Prime Minister Narendra Modi on Sunday launched a scheme to provide loans, training and marketing support to artisan communities, with Other Backward Classes leaders divided over the move.
Some of them welcomed the PM Vishwakarma scheme as a long-awaited welfare measure, but some said it would push the beneficiaries back into rigid caste-based occupations and deny them "real progress".
Both sides, however, underlined that certain Scheduled Caste communities that are not traditionally considered part of the Vishwakarma castes had been included in the new scheme.
Under the scheme, people involved in 18 specific trades would be eligible for loans up to Rs 3 lakh, at 5 per cent interest, to produce their goods. They will be provided with marketing support and training.
These 18 trades are those of carpenters (suthars/badhais), boat makers, armourers, blacksmiths, hammer-and-toolkit makers, locksmiths, sculptors (murtikars/stone carvers) and stone breakers, goldsmiths, potters, cobblers (charmakars/ shoesmiths/ footwear artisans), masons, basket/ mat/ broom/ coir weavers, doll-and-toy makers, barbers, garland makers, washerfolk, tailors and fishing-net makers.
Modi said the beneficiaries would be provided with toolkits worth Rs 15,000. First, they will receive a Rs 1-lakh loan. After repayment, they will get Rs 2 lakh more. They will not be required to give any guarantees to the banks. Applications can be made online.
“This scheme will not help people from the artisan castes lead comfortable lives. It will deny them real progress,” P.C. Patanjali, chairperson of the Most Backward Classes Forum, said.
“These people largely migrate from the villages to the cities to escape the stigma attached to their caste-based occupations, and to seek better lives and better education for their children. The new scheme will push them back into their (traditional) occupations in the villages and deprive their children of the possibility of quality education. They can neither become entrepreneurs nor become part of mainstream education or administration.”
Patanjali said that artisans were among the most socially backward OBCs and would have benefited more from initiatives for quality education and an exemption from the “creamy layer” screening in reservation.
He said the money being provided under the Vishwakarma scheme was too low to help the beneficiaries earn a decent income.
The scope for such traditional work has narrowed in the villages because of the use of technology, and it will be difficult to create a thriving market to support traditional artisans such as blacksmiths or sculptors, he added.
Patanjali said the government’s own 1993 order excluding the OBC “creamy layer” from reservation benefits had said that artisan communities should be identified and exempted from the “creamy layer” caveat, but this was never done.

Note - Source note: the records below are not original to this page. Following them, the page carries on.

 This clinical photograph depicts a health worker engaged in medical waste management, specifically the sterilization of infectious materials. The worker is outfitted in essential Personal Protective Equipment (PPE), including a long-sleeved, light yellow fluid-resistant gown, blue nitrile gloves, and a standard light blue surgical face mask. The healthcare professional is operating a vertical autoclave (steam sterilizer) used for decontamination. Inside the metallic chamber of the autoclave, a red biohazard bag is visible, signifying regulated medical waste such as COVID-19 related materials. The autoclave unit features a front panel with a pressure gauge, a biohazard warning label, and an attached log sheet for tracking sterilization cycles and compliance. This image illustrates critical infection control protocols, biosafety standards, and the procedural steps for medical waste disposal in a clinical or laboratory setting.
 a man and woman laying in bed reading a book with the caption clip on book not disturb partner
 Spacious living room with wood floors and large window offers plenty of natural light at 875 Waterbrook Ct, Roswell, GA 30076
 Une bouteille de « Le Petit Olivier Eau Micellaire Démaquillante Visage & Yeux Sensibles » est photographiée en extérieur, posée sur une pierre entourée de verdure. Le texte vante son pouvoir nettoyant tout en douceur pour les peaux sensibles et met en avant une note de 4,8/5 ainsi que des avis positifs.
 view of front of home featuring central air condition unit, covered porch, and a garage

“The government should have identified the artisan castes, exempted them from the creamy layer, and provided additional support through scholarships, residential schooling and coaching,” Patanjali said.

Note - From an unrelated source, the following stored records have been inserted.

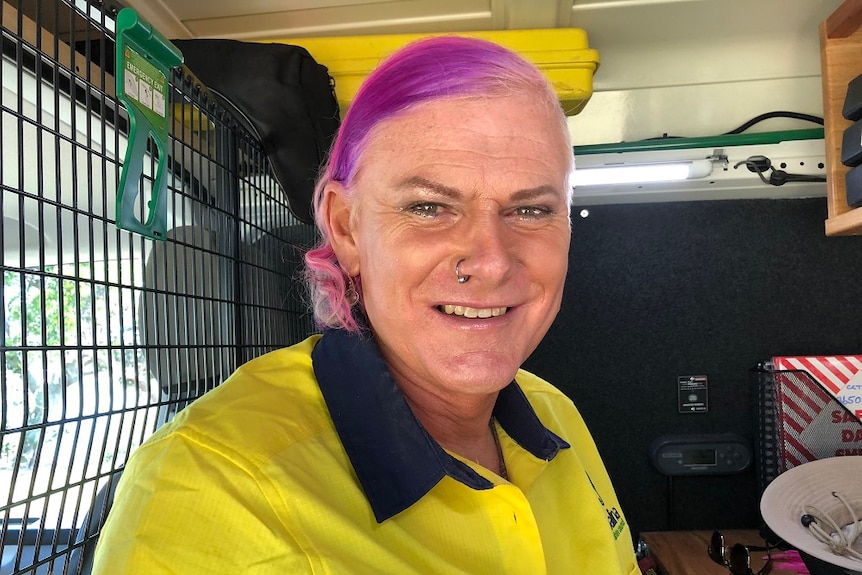 A man dressed as a woman with purple hair and an earring in their nose sitting inside a cabin of a work truck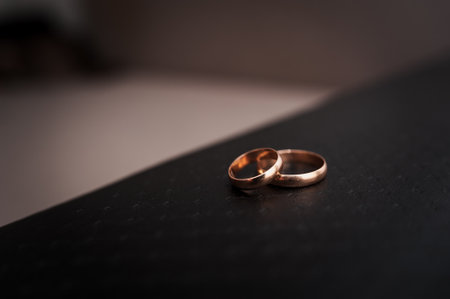 Elegant close-up of intertwined wedding rings on a textured surface.の写真素材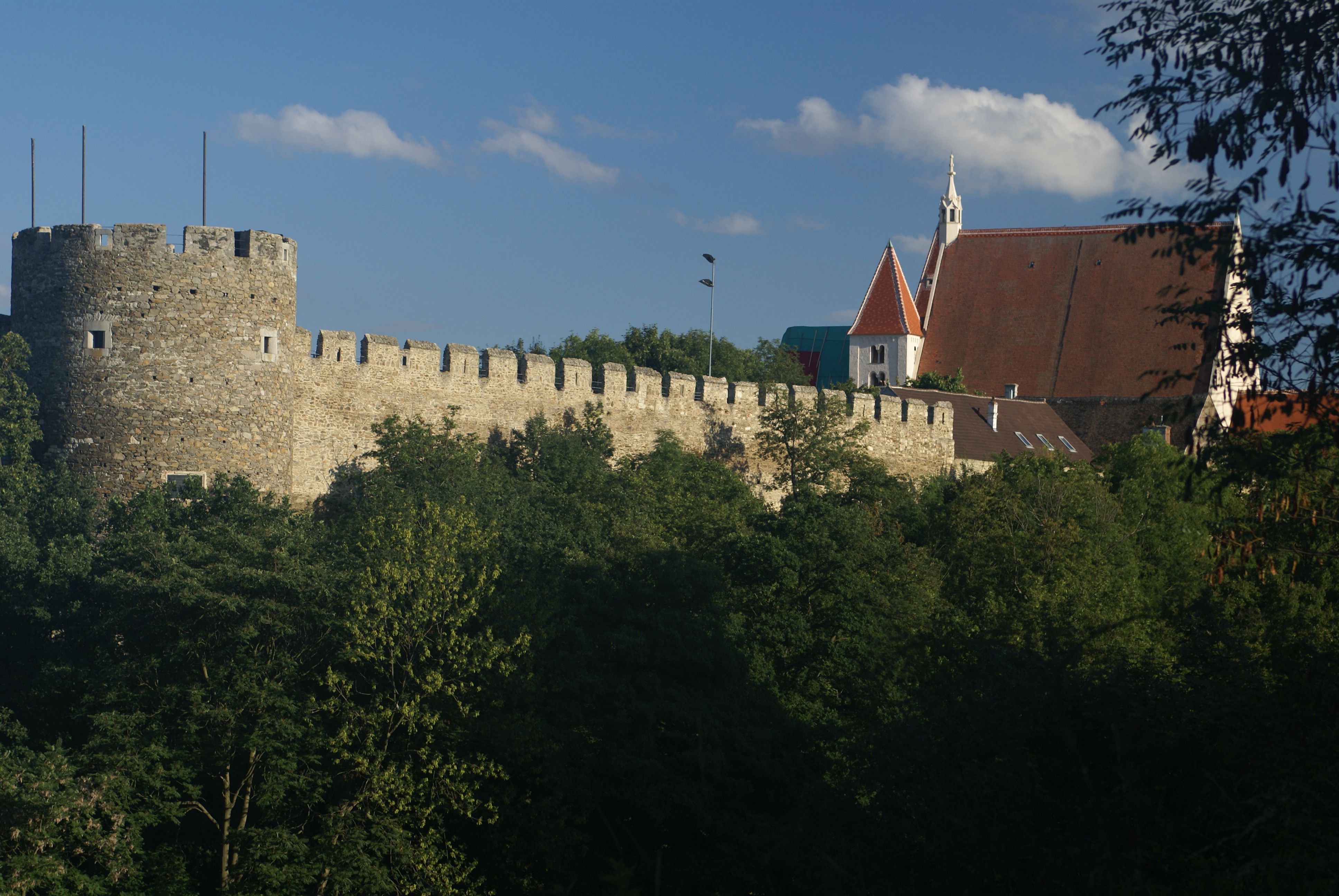Městské hradby s kancléřskou věží a farním kostelem v pozadí, obklopené stromy.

“The aspiring entrepreneurs should have been provided with help to acquire and use advanced technologies.”
He said the Vishwakarma castes include carpenters, blacksmiths, goldsmiths, masons and sculptors but not cobblers, broom and coir weavers, doll makers, barbers, washerfolk, tailors or fishing-net makers.
Several OBC groups have written to the government against the inclusion of these castes under the Vishwakarma scheme.
Hansaraj Jangra, president of the All India Backward Classes Federation, and Sanjay Harshwal from the Jangid Brahmin Mahasabha (an OBC rights group), welcomed the scheme.
“The government should have started this scheme at least a year ago, but better late than never,” Harshwal said.
Jangra acknowledged that the scheme’s launch might be related to the upcoming elections but said all parties did that.
“The scheme will benefit over 100 artisan castes even though some Dalit castes have been included,” he added.